Ma una circostanza di gran rilievo rende ancora più eloquente il silenzio di Filone intorno a
Gesù Cristo: la circostanza, cioè, che tutto l'insegnamento di Filone può dirsi cristiano, talché l'Havet
non ha esitato a chiamare Filone un vero padre della Chiesa.
Filone, difatti, si preoccupò specialmente di accoppiare il giudaismo con l'ellenismo, togliendo
all'Antico Testamento le parti men nobili mediante la distinzione del senso allegorico dal senso
letterale, e innestando sull'albero della religione ebraica il misticismo dei neoplatonici alessandrini.
Così egli riuscì ad una dottrina platonica del Verbo o Logos che ha molta affinità con quella del IV
Vangelo, nel quale il Logos è precisamente Cristo.
Ora non è forse una vera rivelazione questa circostanza?
Filone che vive nel tempo assegnato a Cristo, che è già celebre prima che Cristo nasca e che
muore diversi anni dopo di Cristo; Filone che compie verso il giudaismo la stessa, identica trasformazione
o ellenizzazione, o platonizzazione che fu l'opera dei Vangeli, e specialmente del quarto;
Filone che parla del Logos, o del Verbo al modo del quarto Vangelo; eppure che non nomina una
volta sola Gesù Cristo, in nessuna delle sue numerosissime opere?
O non proverebbe appunto che Gesù Cristo non fu persona storica e reale, ma pura creazione
mitologica e metafisica, alla quale contribuì più di ogni altro questo medesimo Filone, che scrisse
come un cristiano senza sapere ancora di questo nome, che parlò del Verbo senza conoscer Cristo,
che insegnò l'identica dottrina attribuita a Cristo, come sarà dimostrato a suo luogo?
Se Filone ha potuto parlare del Verbo e scrivere come un cristiano prima di Cristo senza nulla
sapere e nulla dire di Cristo, non è segno che il cristianesimo si produsse senza Cristo e per opera
precisamente o principalmente di Filone stesso, che non dice una parola sola della persona umana,
della esistenza materiale e storica di Gesù Cristo?

4 Stefanoni, Dizionario filosofico, voce Gesù.
5 C. Cantù, Storia Universale, Epoca VI, Parte II.
6 Ernest Havet, Le Christianisme et ses origines. L'Hellenisme, tomo II, Ch. XIV.

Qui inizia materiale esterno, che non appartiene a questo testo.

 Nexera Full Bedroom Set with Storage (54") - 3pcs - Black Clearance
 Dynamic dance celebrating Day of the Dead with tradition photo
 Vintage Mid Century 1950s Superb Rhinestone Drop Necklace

Insomma, che Gesù Cristo non è esistito, perché altrimenti Filone non avrebbe potuto non
parlare di lui?
Eppure Filone, il Platone ebreo-alessandrino, contemporaneo di Cristo, parla di tutti gli avvenimenti
e di tutti i personaggi principali del suo tempo e del suo paese, non dimenticando nemmeno
Pilato; egli conosce e descrive particolareggiatamente gli Esseni, viventi nei dintorni di Gerusalemme
e sulle rive del Giordano; egli infine fu delegato a Roma per difendere gli Ebrei regnando
Caligola, ciò che fa supporre in lui una esatta conoscenza delle cose e degli uomini della sua nazione;
talché se realmente Gesù fosse esistito, egli era assolutamente obbligato a farne almeno un cenno.
Il silenzio di tutti gli scrittori contemporanei su Gesù Cristo non fu finora preso in quella attenta
considerazione che merita nell'interesse della verità storica.

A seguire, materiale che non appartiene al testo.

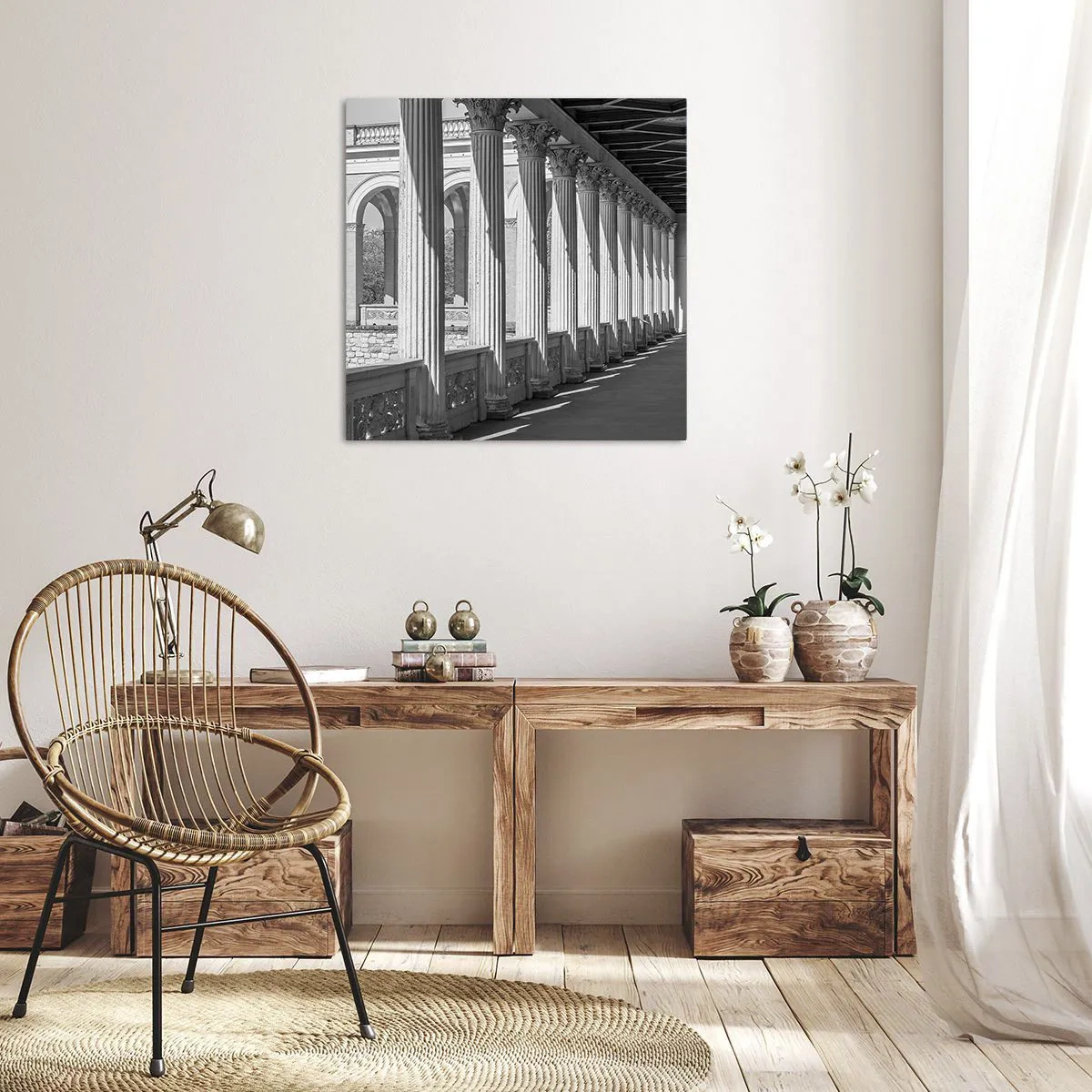 Vászonkép - Napsütötte árkádsor - 60x60 cm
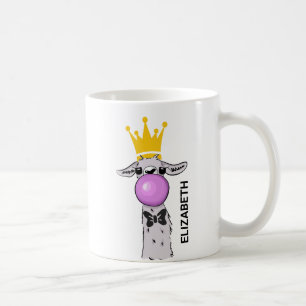 Taza De Café Gracioso Ilustracion de Llama que sopla una burbuj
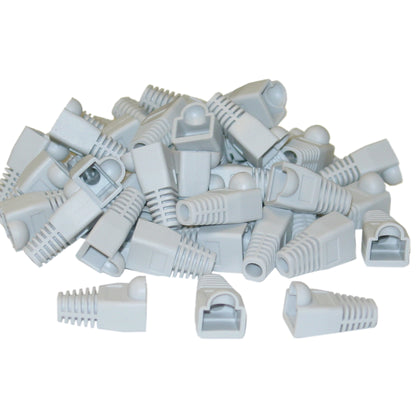 ACCL RJ45 Strain Relief Boots for Cat5, Cat5e & Cat6 cable, [50 Pieces/Pack], Gray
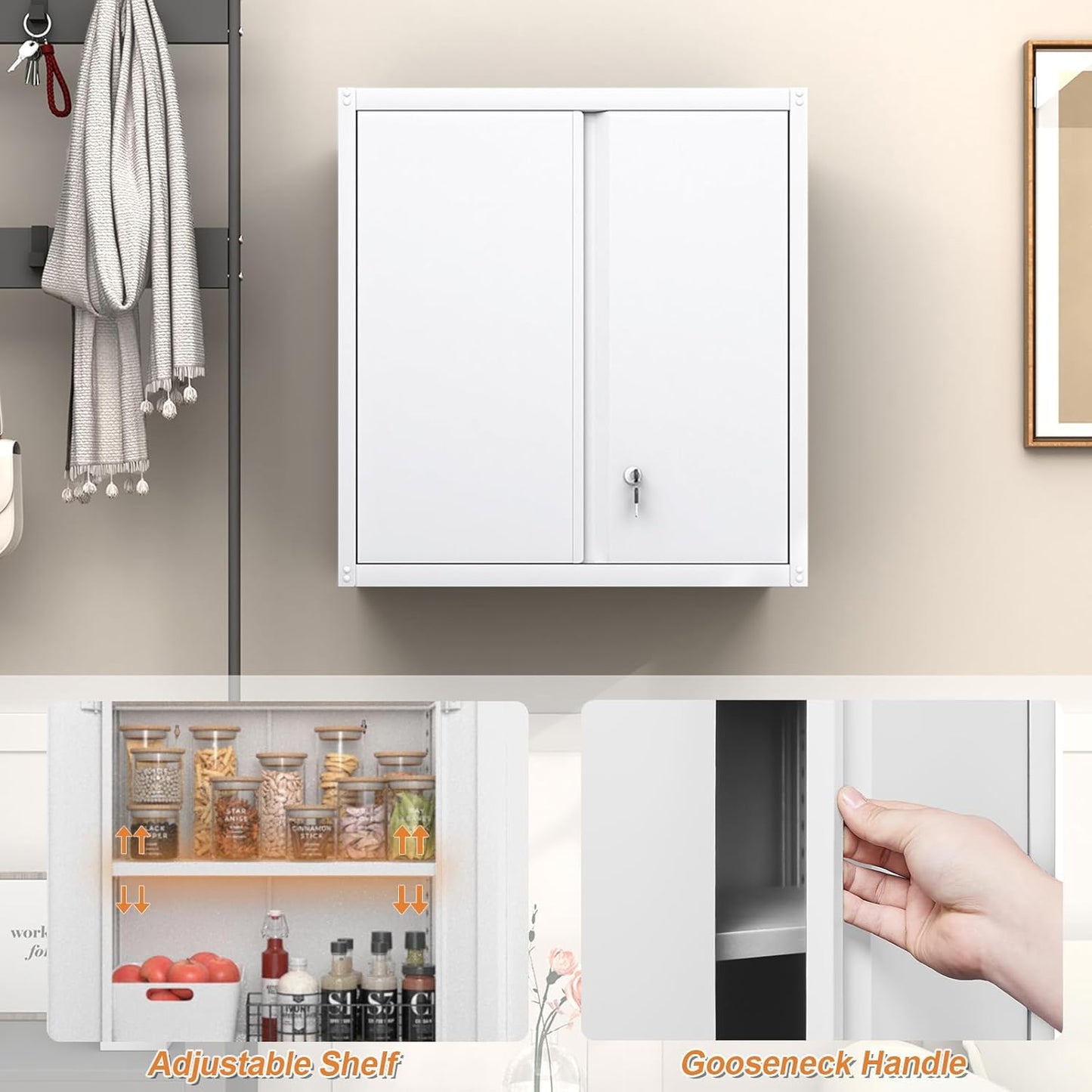 GREATMEET Metal Wall Cabinet, Wall Mounted Cabinet with Doors and Adjustable Shelf, Metal Storage Cabinet with Lock, Wall Cabinet for Garage, Pantry, Utility Room, White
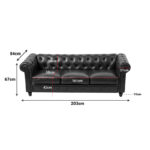 Three-seater sofa Chesterfield pu cypress 203x84x67cm - Слика 5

Anche scrittori di liberi sensi vi passarono sopra con troppa fretta e facilità.
Il Salvador lo spiega facilmente (è la sua parola!) col fatto della debole traccia lasciata a Gerusalemme
dal figlio di Maria7. Ed anche lo Stefanoni non può spiegarlo senza ridurre la nascita di
Cristo e la sua vita a proporzioni così meschine, da doversi circoscrivere entro i limiti di un volgarissimo
avvenimento8.
Ma questa spiegazione è troppo inadeguata.

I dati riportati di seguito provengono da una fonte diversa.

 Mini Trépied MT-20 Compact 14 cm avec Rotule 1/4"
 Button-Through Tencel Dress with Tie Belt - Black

Noi non conosciamo che un solo Gesù, quello dei Vangeli e degli Atti degli Apostoli. Ora
questo personaggio non solo non avrebbe lasciato una debole traccia a Gerusalemme, contrariamente
a ciò che pretende il Salvador; non solo la sua vita non avrebbe avuto proporzioni ben meschine,
contrariamente a ciò che suppone lo Stefanoni; ma per contro la vita di Cristo si sarebbe svolta, secondo
la Bibbia, nel modo più rumoroso e straordinario che mai persona umana ebbe o vide l'uguale.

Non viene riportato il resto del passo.